Sitting in the lobby.
The Council of Europe in early March introduced temporary protection across the European Union for refugees fleeing the war in Ukraine. While asylum must be applied for and granted on an individual basis, temporary protection does not require individual applications.
The program is specifically designed to alleviate national asylum systems and include the rights of “residence, access to the labour market and housing, medical assistance, and access to education for children,” according to the Council of Europe.
Canada has adopted a special “authorization for emergency travel” program that offers three-year visitor visas to Ukrainian nationals. The program is for “temporary safe harbour in Canada, until it is safe to return to Ukraine,” according to the Canadian government. The U.S. government has a limited program to accept 100,000 refugees.

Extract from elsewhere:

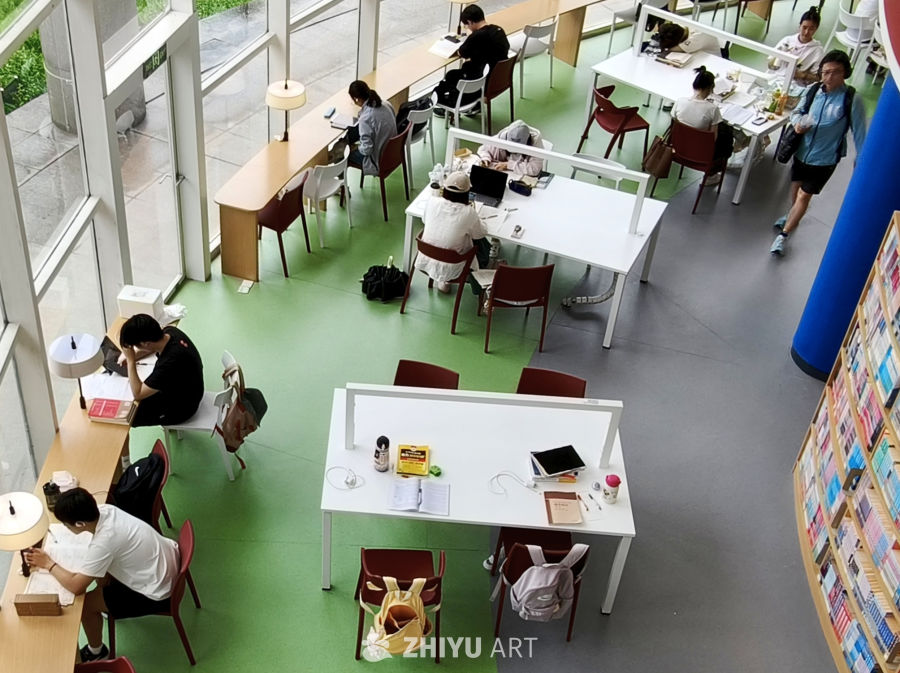 高空视角下的大学图书馆自习室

The choice of where to go and what to do is not an easy one. The war has complicated the plans of Nuri and her family, who planned to move abroad even before the war started.
Nuri arrived in Galați from Kropyvnytskyi in the second week of March along with her husband, her son, her brother in law and his family and her father-in-law. They listened to explosions and sirens for five days before deciding to leave. They packed up a few suitcases of clothes and like many people first fled to Moldova, from which they eventually made it to Galați.
Her own parents arrived about a week later. They had spent a few days in Moldova, but had trouble finding decent food and lodging. The typically six-hour journey from Kropyvnytskyi to the Moldovan border took two days and they slept in the car.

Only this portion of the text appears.